Defendant contends that Plaintiff signed a valid arbitration agreement that requires those claims to be resolved through arbitration. Specifically, Defendant’s counsel declares that on January 19, 2011, Defendant provided Plaintiff with a copy of the “Arbitration and Dispute Resolution Policy” (“the Arbitration Policy”) and an Employee Handbook. The Policy remained in effect without changes during Plaintiffs employment. The Arbitration Policy covered “claims and disputes arising out of alleged unlawful employment discrimination, termination by breach of alleged contract or policy, violations of federal or state discrimination statutes, governmental law, regulation, ordinance, or public policy, or employment tort, not covered by worker’s compensation.” The Arbitration Policy also discussed the arbitration procedure, including how the parties will select a neutral arbitrator, the choice of law, discovery procedures, and the burden of proof.

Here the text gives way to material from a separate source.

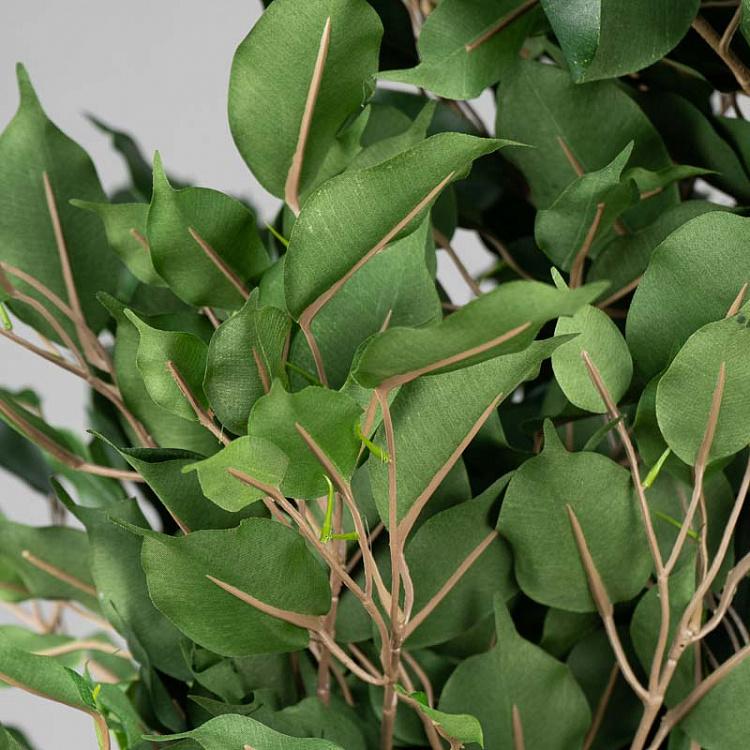 Искусственный фикус Бенджамина Селеста Celeste Ficus Benjamina 210 cm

On the same day Plaintiff received the Arbitration Policy, she signed an “Acknowledgment of Receipt of Employee Handbook.” The Acknowledgment provides in relevant part:

I further understand that Russell Sigler, Inc. provides a Dispute Resolution Policy for prompt responses to complaints or concerns. I have received a copy of the Dispute Resolution Policy and understand that arbitration is the sole and exclusive method to resolve all disputes. These disputes include alleged unlawful employment discrimination, termination by breach of contract or otherwise, or employment tort, including claims of violations of federal or state discrimination statutes or public policy. This procedure is in lieu of lawsuits in court with or without a trial by jury.

2. LEGAL STANDARD

“Section 2 of the Federal Arbitration Act (FAA) makes agreements to arbitrate ‘valid, irrevocable, and enforceable, save upon such grounds as exist at law or in equity for the revocation of any contract.’ ” AT & T Mobility LLC v. Concepcion, 563 U.S. 333, 131 S.Ct. 1740, 179 L.Ed.2d 742 (2011) (quoting 9 U.S.C. § 2). The FAA “mandates that district courts shall direct parties to proceed to arbitration on issues as to which an arbitration agreement has been signed.” Kilgore v. KeyBank, Nat. Ass’n, 718 F.3d 1052, 1058 (9th Cir.2013) (en banc) (quoting Dean Witter Reynolds, Inc. v. Byrd, 470 U.S. 213, 218, 105 S.Ct. 1238, 84 L.Ed.2d 158 (1985)). This mandate limits courts’ involvement to determining “(1) whether a valid agreement to arbitrate exists and, if it does, (2) whether the agreement encompasses the dispute at issue.” Kilgore, 718 F.3d at 1058 (quotation marks omitted). While the FAA preempts any particular state law that may impede the FAA’s objectives, state law still generally governs *1045whether the parties agreed to arbitrate and whether any defenses invalidate an agreement. Concepcion, 563 U.S. at 339, 131 S.Ct. 1740; see also First Options of Chi, Inc. v. Kaplan, 514 U.S. 938, 944, 115 S.Ct. 1920, 131 L.Ed.2d 985 (1995).

3. ANALYSIS

Defendant argues that as a company headquartered in Arizona with facilities nationwide, the FAA applies to Defendant’s Arbitration Policy. The Arbitration Policy itself also states that the FAA applies. Plaintiff does not appear to contest that the Arbitration Policy is governed by the FAA or that the Arbitration Policy covers Plaintiffs claims. Instead, Plaintiff argues that the Agreement is unenforceable because it is unconscionable.

3.1 Unconscionability

In California, an agreement must be both procedurally and substantively unconscionable to be unenforceable. See Armendariz v. Found. Health Psychcare Servs., Inc., 24 Cal.4th 83, 114, 99 Cal.Rptr.2d 745, 6 P.3d 669 (2000), abrogated in paH on other grounds in AT & T Mobility LLC v. Concepcion, 563 U.S. 333, 131 S.Ct. 1740 (2011). Plaintiff raises multiple, often over-lapping arguments, that can be lumped into those two categories. On procedural unconscionability, Plaintiff argues that (1) the Arbitration Policy is an improper “contract of adhesion” that didn’t give Plaintiff an opportunity to negotiate its terms, (2) Plaintiff did not sign the Arbitration Policy, (3) Defendant failed to provide the rules governing the arbitration or inform Plaintiff that she would be giving up her right to a jury, and (4) Plaintiff did not have a choice to reject the Policy because economic pressures to accept the job made her vulnerable. On substantive un-conscionability, Plaintiff argues that the Arbitration Policy is invalid because it (1) lacks mutuality, (2) doesn’t provide for adequate discovery, (3) contains a “sanctions clause” that could result in Plaintiff paying Defendant’s attorney fees, and (4) risks that Plaintiff may bear the costs of the arbitration.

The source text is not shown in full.